45 soldiers and 12 civilians were present for the event. Our ranks were bolstered by 9 men in three small detachments from other companies of the 1st (actually from the Netherlands, Germany, and the UK!). As always at large events, it was discovered that the earlier one can arrive, the better. Arriving at 8:00 AM on Wednesday, our 3 carriage travel party breezed through registration, and had little difficulty finding our campsite.
I would like to extend my compliments to the advance party that secured and laid out our camp. Lt. Loftus, Lt. Forquer, and, in particular, Sgt. Major Maloney, did us a superb service in giving us the most comfortable camp
possible in the limited space allotted.
The travel parties that arrived through the next two days had increasing difficulties, but when gathering armies of this size, I fear there is no way to make it smoother.
It was particularly nice to make the acquaintance of Pvt. Mark Van Lingan from Co. A (The Netherlands), who arrived a day earlier than his compatriots. The international experience we had made this event more memorable than any other we have attended.
Our soldiers present by Thursday afternoon had a very effective drill, and settled in for the night, several of us taking the opportunity to forage in the town for our sustenance.
Friday morning dawned to a 7:30 AM Company Parade, followed by an outstanding company drill. It was a particular pleasure to find that our detachments from the other companies, mentioned earlier in the report, fit in beautifully with our drill, giving us typical 1st Maryland precision. This led us to the 9:00 AM battalion drill, where I was again very pleased with their performance.

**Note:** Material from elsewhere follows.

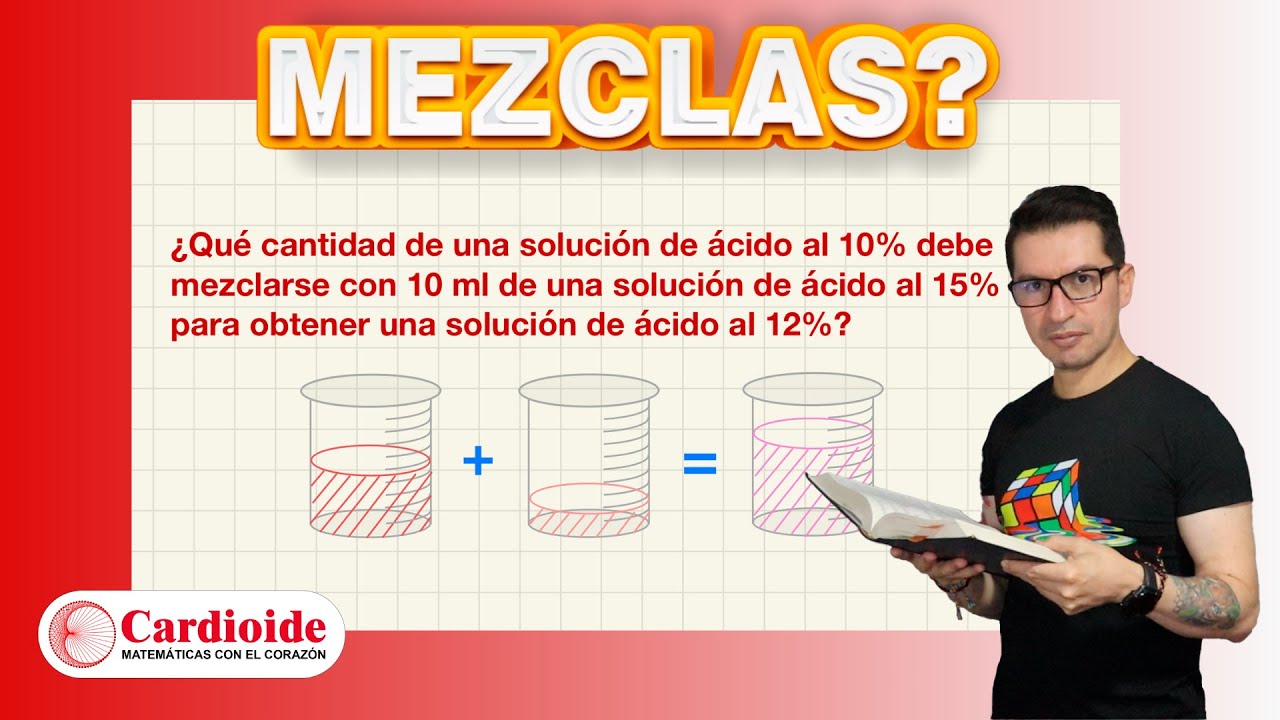 PROBLEMAS sobre MEZCLAS | Algebra APLICADA en QUÍMICA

I need to recount here, the one major problem encountered with the event staff. In the interval between battalion drill and the afternoon formation, I accompanied Pvt. Adrian Spencer, of Co. E (UK) to registration. On his
arrival, he was told that he was not registered, and was made to pay the walkon fee. Worse, he did not receive the ID medallion (or "gong" as the soldiers from the UK referred to it), which is, of course a coveted memento.

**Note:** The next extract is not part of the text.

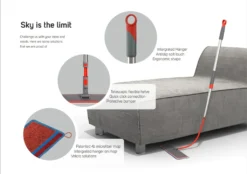Nordic Stream Flexi Bodenreinigungskit Pocket Bodenwischer Biegbar Wischmop -Besten Staubsauger Geschäft c4808c06cb36bc21e9c6cb92ec65fd3b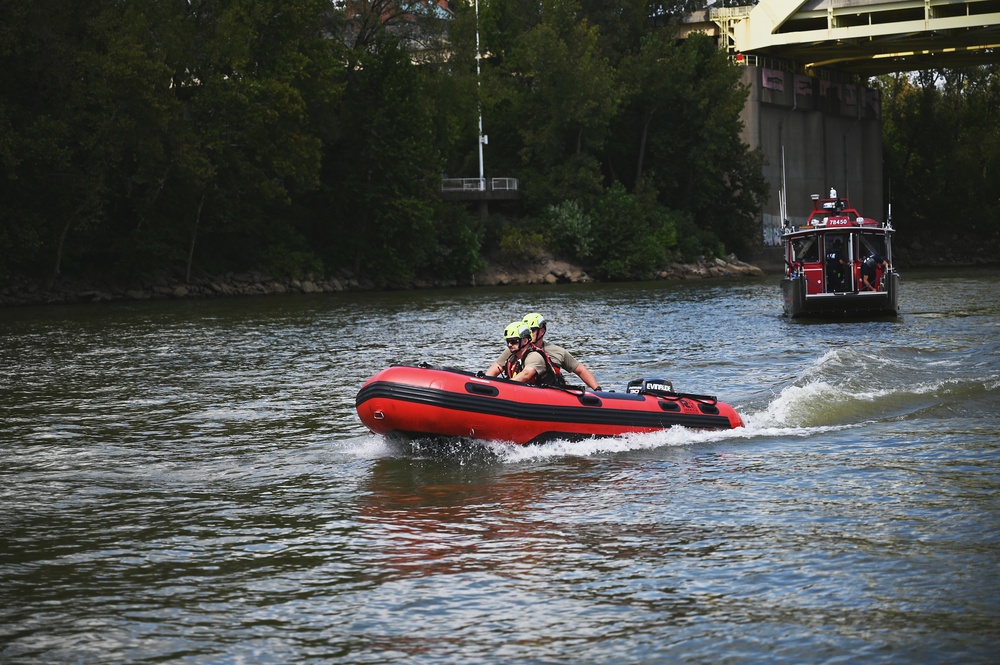 178th Wing demonstrates Swift Water Rescue capability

I accompanied him to substitute him for a soldier who was unable to be with us.
The in camp shuttle ran so irregularly, that we were compelled to walk all the way to registration. On arrival, Pvt Spencer's original registration was found to be on the books, and his medallion given to him, but they refused to refund his walkon fee, telling him he had to return Sunday. No amount of remonstrance availed, and we returned to camp, fortunately catching a ride. Sunday's schedule did not permit a return trip, and I can only hope he was able to receive his refund. Either way, I find this unacceptable.

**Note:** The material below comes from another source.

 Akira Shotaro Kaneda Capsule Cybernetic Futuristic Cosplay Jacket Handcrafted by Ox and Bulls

After forming for the Friday battle, we were intrigued by the "nature walk" march through the Federal camps. I suppose the idea was to keep us out of the sight of the spectators, but, on the sultriest day of the event, the
additional ground we had to cover took a severe toll on the men.
I would like to take this opportunity to commend Pvt. John Bond (Chet Boris) for his exemplary actions. A man collapsed right behind us as we began the fight. I sent Chet to render assistance, which, as an EMT, he did most ably. He jettisoned his jacket and leathers, and acompanied the injured man. Rather than returning to recover his expensive kit, he spent the rest of the fight helping several others who were stricken with the oppressive heat. I am happy to report that he did recover his gear the next morning.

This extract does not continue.